Task
How do the lines read from the one holding "Opakowanie zawiera zestaw" through the last line of the listing? Set them down exactly, pictures omitted.

Given data
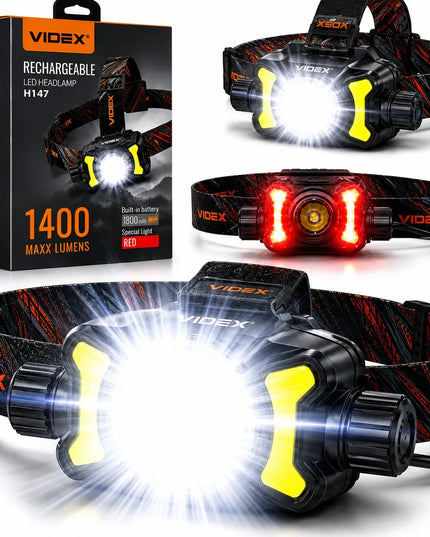Įkraunamas LED priekinis žibintas Videx VLF-H147, 700 lm, IP55, juodas
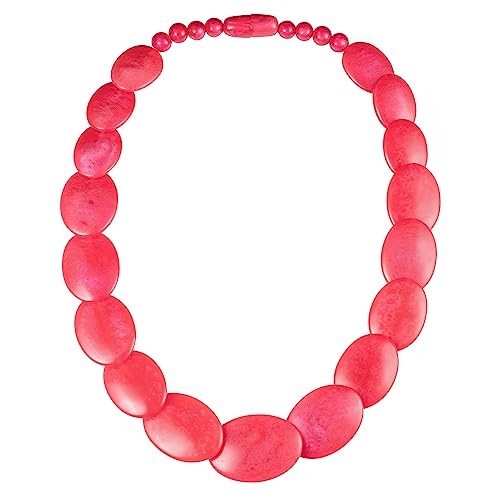 ZAVANA Gros Collier Fantaisie Rose pour Femme, Collier Plastron Rose Bonbon fait Main, Long de...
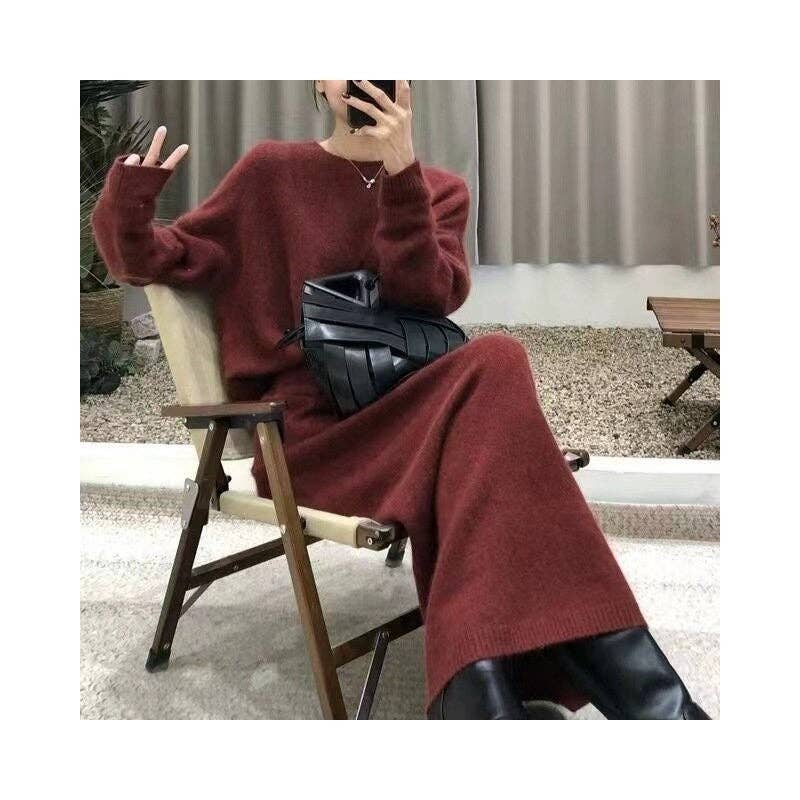 Sheer Trend - Vente Ensemble haut et jupe - Femme - Ensemble Deux Pièces Pull et Jupe Droite Uni1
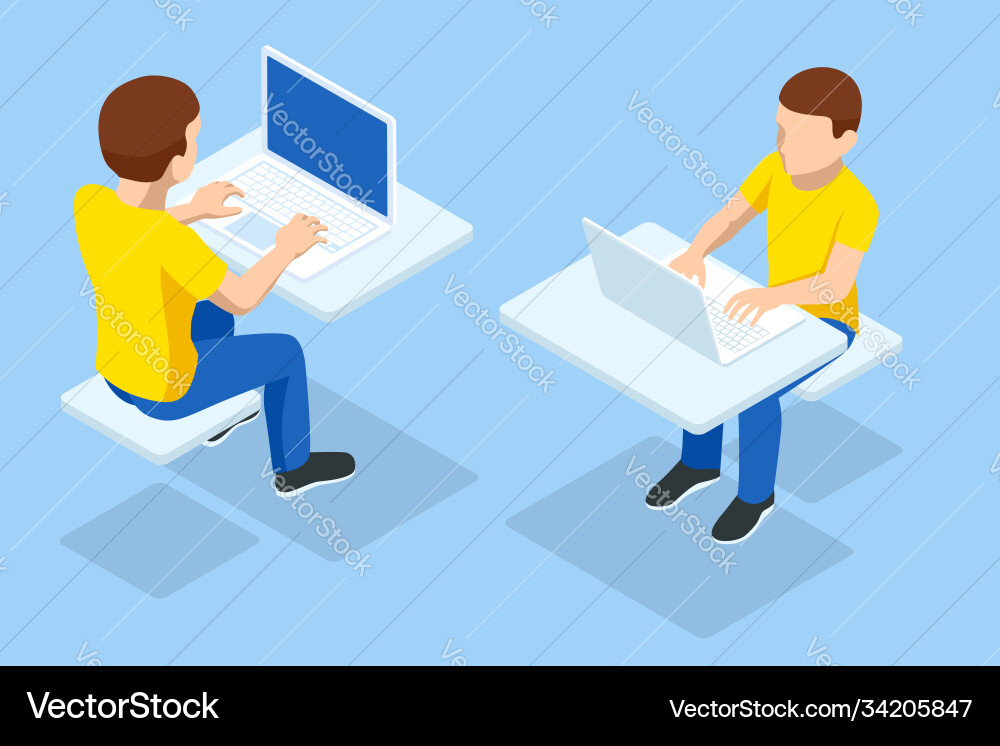 Isometric boy at computer front and back view Isometric boy at computer front and back view vector image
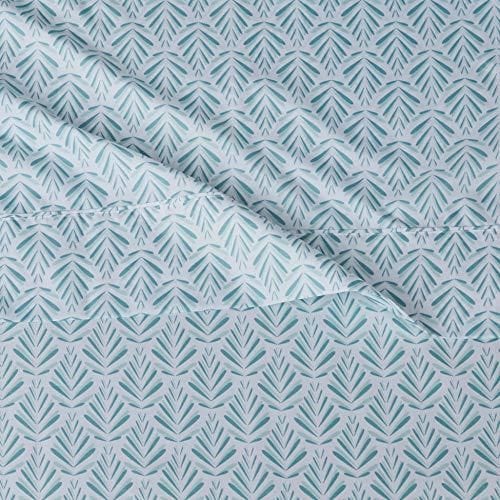Amazon Basics Lightweight Super Soft Easy Care Microfiber Sheet Set with 14" Deep Pockets - Twin, Aqua Fern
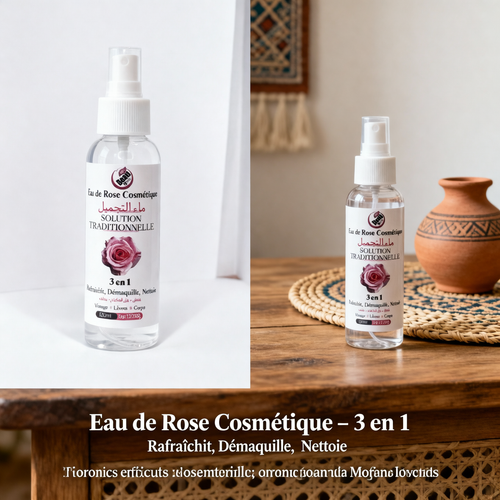Acqua di Rosa Cosmetica Naturale 120ml  3 in 1 – Tonico, Struccante e Idratante – Viso, Labbra e Corpo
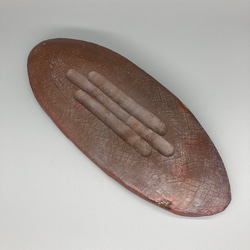 備前焼　楕円皿　桟切　紙箱入り 4枚目の画像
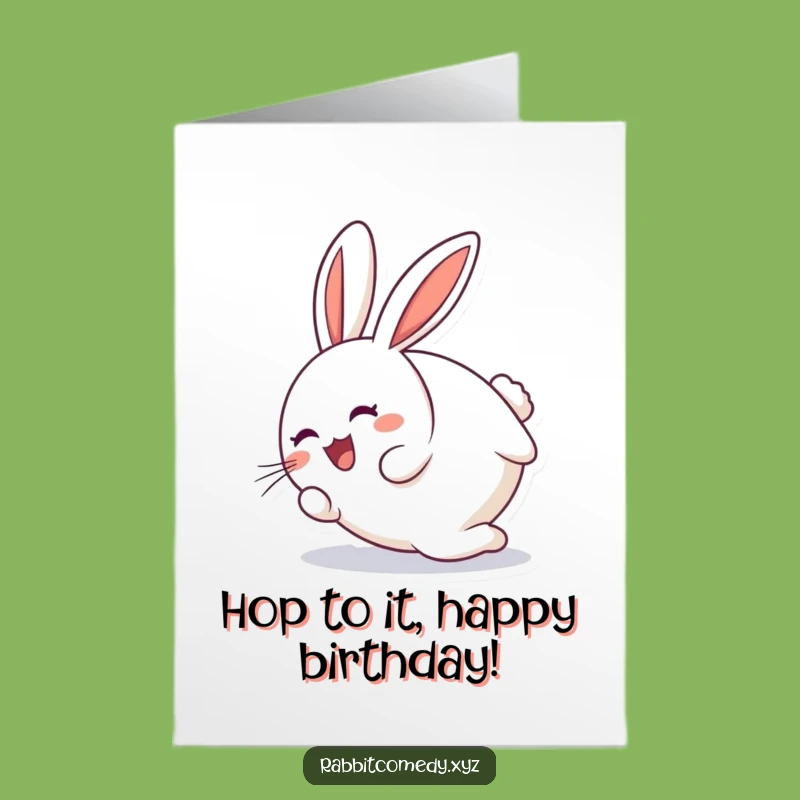 Free Printable Rabbit Birthday Card: Tumbling Joyful Design for a Hoppy Celebration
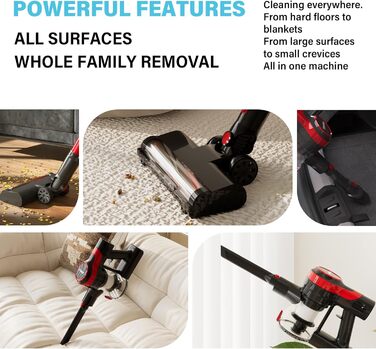 Акумуляторний пилосос Stanew ST-609: 4-в-1, бездротовий, 150W, 22.2V, 40 хв роботи, 800 мл, для килимів, шерсті тварин, авто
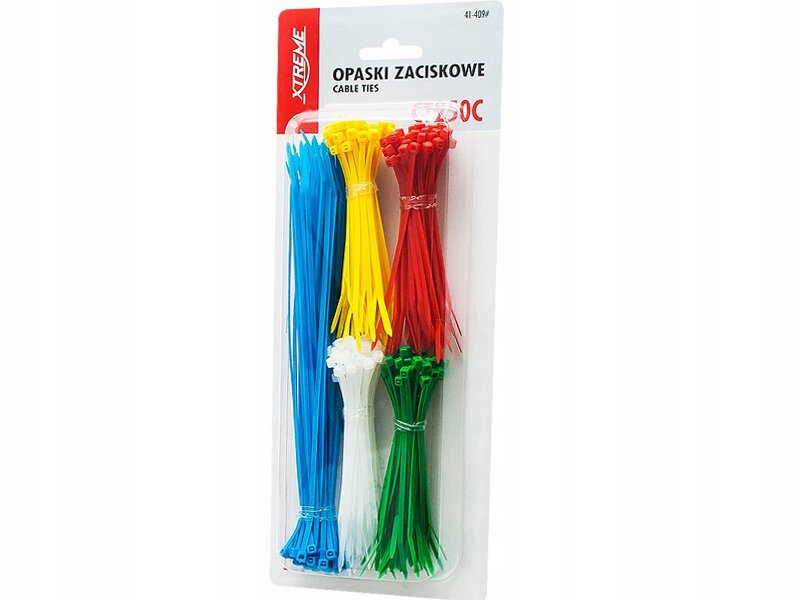 Opakowanie zawiera zestaw kolorowych opasek zaciskowych w kolorach niebieskim, żółtym, czerwonym, białym i zielonym. Na opakowaniu widnieje napis \'XTREME OPASKI ZACISKOWE CABLE TIES 250C\'.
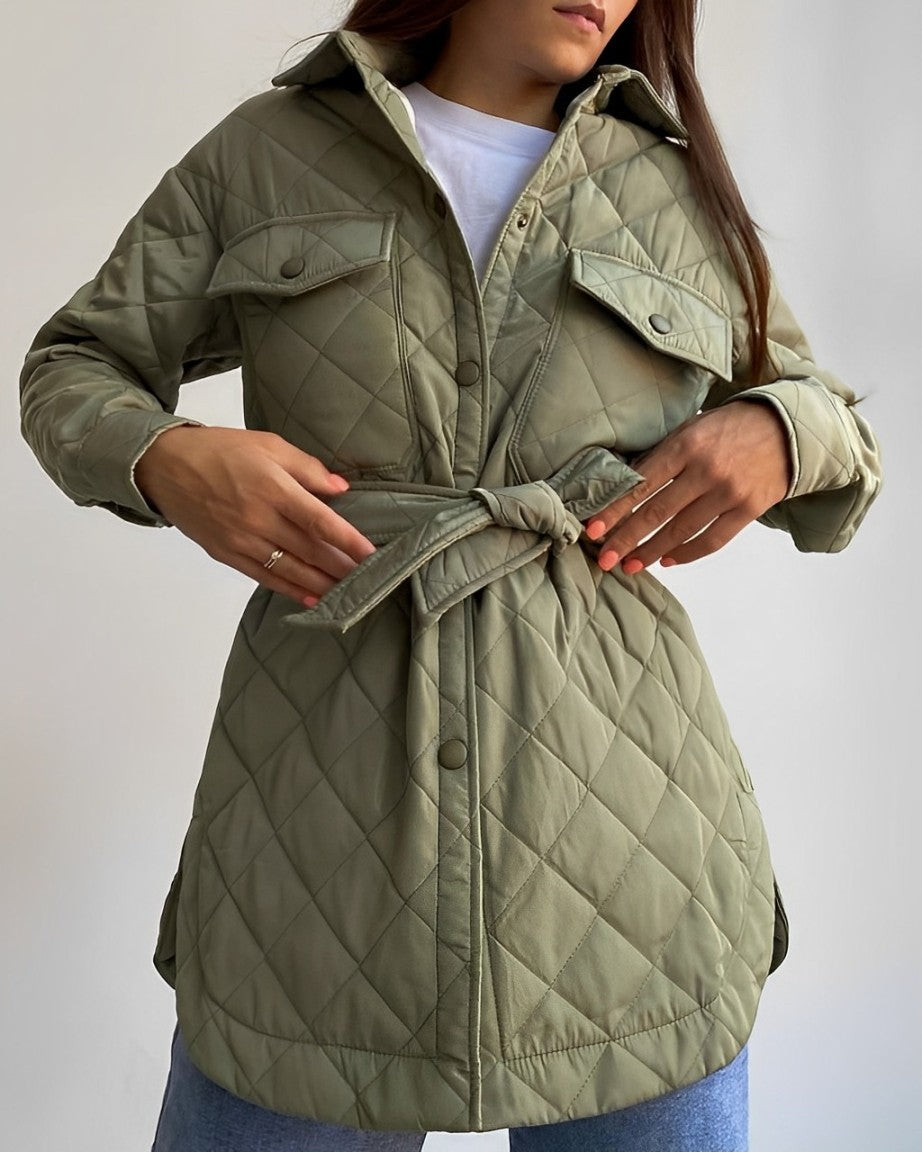 Quilted Jacket | Belt | Lightweight | Padded Jacket | Women's Winter Jacket-Fashion Nora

Exercise answer
 Opakowanie zawiera zestaw kolorowych opasek zaciskowych w kolorach niebieskim, żółtym, czerwonym, białym i zielonym. Na opakowaniu widnieje napis \'XTREME OPASKI ZACISKOWE CABLE TIES 250C\'.
 Quilted Jacket | Belt | Lightweight | Padded Jacket | Women's Winter Jacket-Fashion Nora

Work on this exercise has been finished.